In the following paragraphs we focus on the ongoing consultation envisioned by the directive and, in particular, on its fourth section, which deals with the practical implementation of charges for the re-use of the PSI. By taking advantage of the questions as spelled in the consultation, we proceed to analyse the key open issues.

Calculating the marginal cost of public sector information

To implement the directive, an operational rule to calculate the marginal cost of “reproduction, provision and dissemination” is needed. To this end, the consultation asks the respondents whether the following cost items should contribute to the calculation of marginal costs: telecommunications costs, customer service, duplication, software licensing, database modification(s) for dissemination, hardware enhancements for dissemination (capacity, ports), value-added (activities) for dissemination (software enhancements, advertising), database development(s), hardware, data creation/collection, data maintenance, and archiving.

The consultation allows the responders to choose between the four following answers: always, until amortised, never, and no opinion. The standard definition of marginal cost as the change in total costs that arises when the quantity produced is increased by one unit (i.e., the cost of producing one more unit of a good) suggests the following answers:

  1. duplication costs always contribute to the marginal costs. In practice, however, in a digital environment, the duplication cost is zero (except when the original data is in analog format and must be digitised);
  2. telecommunications and customer service costs could or could not be marginal costs; in principle, one should answer with the no opinion option and should use the open answer option to provide the following explanation. First and foremost: some marginal “telecommunications costs” do exist. For instance, the cost of adding network capacity to satisfy a certain request is a marginal cost; to recoup this cost, one can, for example, implement a “capacity charge” that captures the amount of capacity consumed by a user. Similarly, the customer-service costs generated by a user can be charged to her/him, e.g., by using a premium-rate telephone number (i.e., the 900- or 199- numbers, depending on the country). In other words, the marginal telecommunication cost directly generated by the ith re-user should be charged to the ith re-user only. However, not all telecommunication services allow their owners to charge their users in a simple way. A premium-rate telephone number, in fact, allows its owner to bill the user that makes the phone call, but the internet lacks a money-routing protocol and lacks a per-flow charging mechanism. Therefore, when the costs of an internet-based service are significant, a reasonable answer may be until amortised: in practice, instead of charging the ith re-user the cost he/she generates, one estimates the expected number of re-users, N, and charges all re-users 1/N of the cost of allowing re-use (or a better/easier re-use). However, this approach is not theoretically compatible with the new directive, because it does not consider the actual “marginal cost” of re-use, but what can be described as the “average incremental cost” of allowing re-use;
  3. the sub-set of cost items “for dissemination” (i.e., database modifications, hardware enhancements such as capacity and ports, value-added activities such as software enhancements and advertising) contributes to the average incremental cost of allowing re-use as well. Therefore, until amortised is again a reasonable, although theoretically incorrect, answer;
  4. software licensing could be comprised in the previous point, however, as a matter of policy, this could (and possibly should) be avoided: the rationale of never allowing to recoup licensing costs is that every needed activity in this domain can be performed with open source software at no charge (and at least some member states may want to encourage this approach);
  5. database development(s), hardware, data creation/collection, data maintenance, and archiving should never be considered, as they are typical examples of fixed costs, which are sunk at the moment of making PSI accessible and re-usable. An additional reason not to charge these costs on PSI re-users is the following: doing otherwise would create an incentive for the PSBs to charge on the re-users costs, which are actually related with the overall ICT management of the PSBs themselves.
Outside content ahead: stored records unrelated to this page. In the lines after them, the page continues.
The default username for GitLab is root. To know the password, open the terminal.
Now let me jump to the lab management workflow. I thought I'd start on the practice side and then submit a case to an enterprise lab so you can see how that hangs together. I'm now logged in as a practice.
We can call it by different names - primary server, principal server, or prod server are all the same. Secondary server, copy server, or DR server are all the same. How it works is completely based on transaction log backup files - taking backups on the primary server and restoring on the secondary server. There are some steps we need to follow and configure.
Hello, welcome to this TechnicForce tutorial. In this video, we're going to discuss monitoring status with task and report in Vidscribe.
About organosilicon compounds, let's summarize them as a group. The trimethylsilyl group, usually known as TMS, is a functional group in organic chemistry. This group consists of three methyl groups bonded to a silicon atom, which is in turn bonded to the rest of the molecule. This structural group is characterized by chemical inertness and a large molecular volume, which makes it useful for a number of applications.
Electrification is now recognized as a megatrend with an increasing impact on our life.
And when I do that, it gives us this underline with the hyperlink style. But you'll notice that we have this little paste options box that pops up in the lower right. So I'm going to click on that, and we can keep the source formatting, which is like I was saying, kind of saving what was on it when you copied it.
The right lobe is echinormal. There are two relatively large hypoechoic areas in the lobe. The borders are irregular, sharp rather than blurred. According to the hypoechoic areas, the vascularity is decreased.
In conclusion, there are several cases in which the marginal cost approach, if strictly implemented, would imply that just the ith user (or, in certain cases, the first user) would pay a high fee, with users from i+1 onward receiving the improved service for free, if no further marginal costs are generated (e.g., user i requires some data to be published in a new format: a conversion tool is developed and paid by her/him, while the rest of the users can get the new format for free)1. It may, however, be reasonable to treat these cases differently, guessing the total expected number of users (and/or shifting the costs on the next fiscal year) and charging on each of them pro rata: this is our understanding of the until amortised option offered in the consultation.

Special cases: full cost recovery scenarios

Article 6 of the PSI directive provides that, where full cost recovery is allowed, the total income from supplying and allowing the re-use of PSI “shall not exceed the cost of collection, production, reproduction and dissemination, together with a reasonable return on investment.” Accordingly, the consultation asks which of the following costs may be included in the calculation of fees for re-use: overheads, non-incremental database development costs, non-incremental hardware costs, data maintenance.
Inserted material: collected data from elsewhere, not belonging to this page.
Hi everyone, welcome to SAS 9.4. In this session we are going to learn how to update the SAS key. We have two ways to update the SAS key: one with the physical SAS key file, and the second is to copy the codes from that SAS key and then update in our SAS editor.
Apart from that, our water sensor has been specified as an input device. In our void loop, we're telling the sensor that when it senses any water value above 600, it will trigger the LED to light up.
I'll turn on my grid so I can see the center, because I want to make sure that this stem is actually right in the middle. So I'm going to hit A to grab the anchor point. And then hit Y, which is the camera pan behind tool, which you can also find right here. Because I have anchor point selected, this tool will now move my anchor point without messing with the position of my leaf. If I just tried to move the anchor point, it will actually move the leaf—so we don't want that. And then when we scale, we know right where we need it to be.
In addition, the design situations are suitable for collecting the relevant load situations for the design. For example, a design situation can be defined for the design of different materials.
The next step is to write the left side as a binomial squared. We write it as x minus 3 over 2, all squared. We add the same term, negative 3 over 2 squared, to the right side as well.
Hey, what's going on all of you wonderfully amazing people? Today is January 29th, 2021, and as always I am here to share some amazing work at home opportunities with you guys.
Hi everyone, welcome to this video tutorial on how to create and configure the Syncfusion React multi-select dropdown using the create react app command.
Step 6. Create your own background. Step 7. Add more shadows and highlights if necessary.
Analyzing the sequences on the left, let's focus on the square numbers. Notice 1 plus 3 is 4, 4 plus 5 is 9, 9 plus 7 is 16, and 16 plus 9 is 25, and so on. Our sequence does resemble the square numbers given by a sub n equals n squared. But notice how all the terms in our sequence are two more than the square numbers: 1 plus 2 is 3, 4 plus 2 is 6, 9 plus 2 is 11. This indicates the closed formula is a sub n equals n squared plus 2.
Considering the generic language of the directive and its permissive rationale, all these costs could possibly be considered (the other available answers being always, never and no opinion). That said, the consultation may arguably be criticised for its lack of precision in defining costs such as "non-incremental hardware costs"2.

A related question concerns a definition of a “reasonable return on investment”. The consultation investigates what percentage above the fixed interest rate on the main refinancing operations set by the ECB (currently 0.5%) should be considered “reasonable”. From the economic point of view, one can set a “reasonable” return on investment by looking at the typical return on investment of a private player in a comparable, competitive market. However, private players typically demand a higher return on investment, considering, e.g., the risk of going bankrupt. Because PSBs do not typically go bankrupt, we submit that, intuitively, a moderate 2-5% premium over the main refinancing rate of the ECB could be provided as a reference point. It is however fair to consider this as a mere personal opinion of the authors.

Finally, another special case concerns libraries, museums and archives. Not only they are always free to charge more than marginal costs, they can also recoup additional cost elements, i.e., the cost of preservation and rights clearance. The consultation asks how these costs should be calculated, but the question appears to be partly tautological: any cost of preservation and rights clearance could arguably be recouped, possibly including the cost of digitisation itself and the cost of copyright searches (e.g., to assess whether a work is in the public domain). In this regard, i.e., in cases in which the re-used PSI consists of digitised public domain material, the most delicate point does not concern charges, but the fact that public domain material should arguably remain in the public domain as a matter of public policy. Therefore, as soon as one has a copy of a public domain piece of content, he or she should be free to use, re-use and share it as he or she sees fit. It is therefore very difficult to imagine on which basis it could be possible to charge any costs on the re-users, unless LAMs are allowed to contractually void the public domain status of these works of most of its meaning.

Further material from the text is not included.